The three PII findings alone represent a potential disclosure-level security event, the kind that damages client relationships, attracts regulatory attention and is very difficult to walk back once it has occurred.

It underlines the necessity for balance when it comes to vibe-coded work and is a stark reminder that (as outlined in insight 4 of our last ‘state of play’ report) review and testing is an ever more important part of the AI engineering development lifecycle.

How it happened

This is not a criticism of AI.

It would be easy to frame this as a cautionary tale about AI-generated code being inherently unsafe but that reading is too simple, the real issue is more instructive.

Generative AI is extraordinarily good at making things work. Ask it to build an endpoint that returns candidate data, and it will. Ask it to wire up a login flow, and it will. What it will not automatically do, unless explicitly instructed however, is reason about threat models, enforce authentication boundaries, apply row-level security or consider what happens when someone reverse-engineers the bundle from a browser tab.

Security is not a feature you add at the end, it’s a posture you maintain throughout - but maintaining that posture requires either deep engineering experience baked into the process, or very deliberate prompting that encodes security thinking into every step of the build.

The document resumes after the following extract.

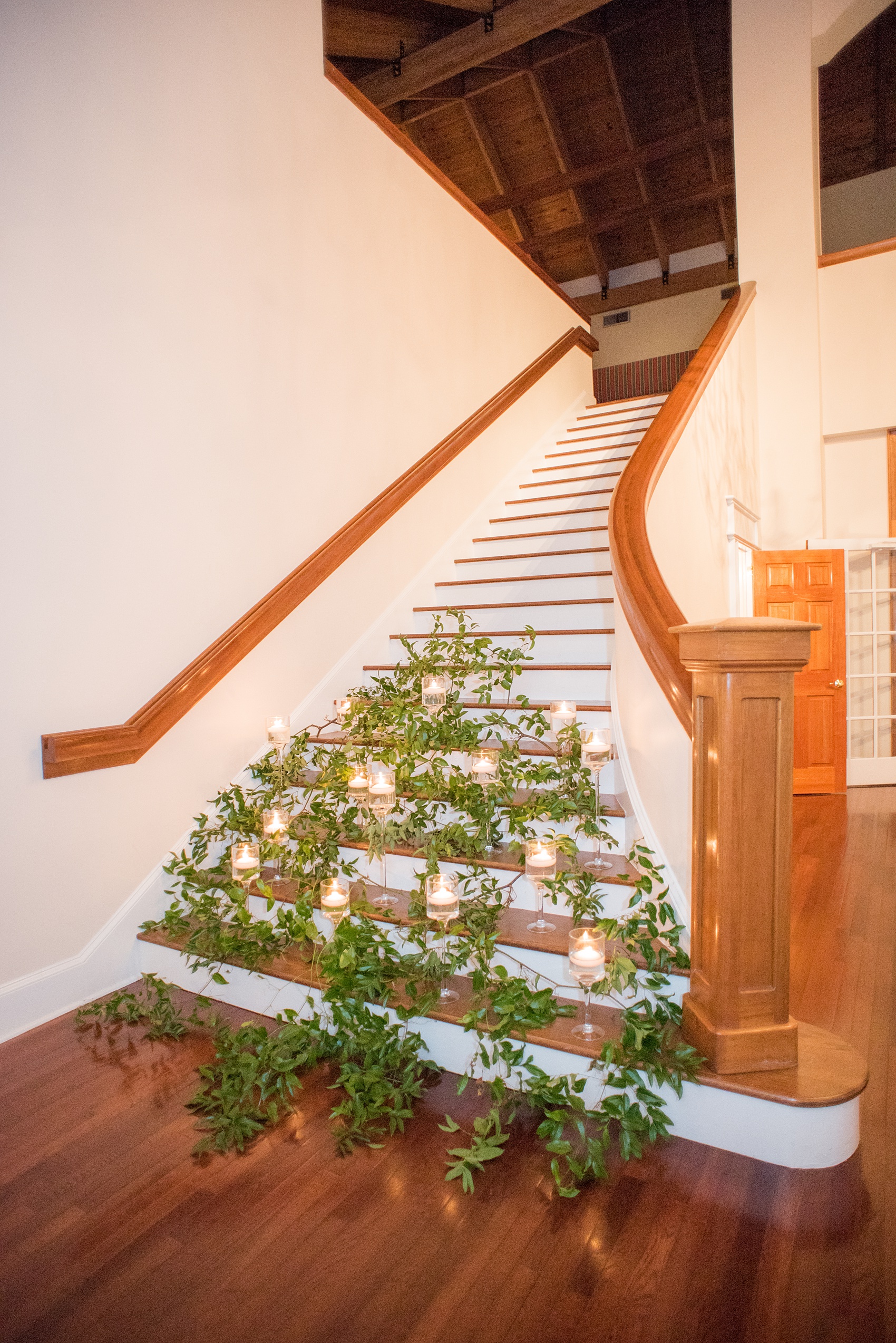 A fall wedding with burgundy, dusty rose and grey details. Candles and greenery lined the two staircases framing the reception room French doors when you walked into the venue. Mikkel Paige Photography, photographer in Greenville NC and Raleigh, captured this wedding at Rock Springs Center, planned by @vivalevent. Click through for more details and pictures from their day! #mikkelpaige #northcarolinawedding #southernwedding #weddingreception #burgundywedding #candlelight #prettystairs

(It’s why at Deazy we’re committed to ensuring that fast doesn’t mean exposed, with experienced teams to help define the security architecture of your product before the first line of AI code is even generated).

False sense of security

One of the more instructive parts of this process was not what the audit found, but what the tooling had already claimed to check.

Throughout the build, the AI coding environment performed its own security reviews. Prompts were analysed, code was scanned and feedback was returned. Green ticks. No issues flagged. From the outside, it looked like due diligence was happening automatically as part of the workflow.

It was not.

What those checks were doing was evaluating code in isolation, looking at individual functions and verifying known vulnerabilities in packages. What they were not doing was reasoning about the broader system as a whole, such as deeply checking how components were configured and applied (or not applied in this case!).

This is an easy trap to fall into, and it is worth naming directly. The presence of automated checks creates a reasonable assumption that security is being handled but that assumption is dangerous when the checks are not designed to model an attacker's perspective. A function can pass every lint rule and AI review and still be trivially exploitable if the authentication layer around it was never built.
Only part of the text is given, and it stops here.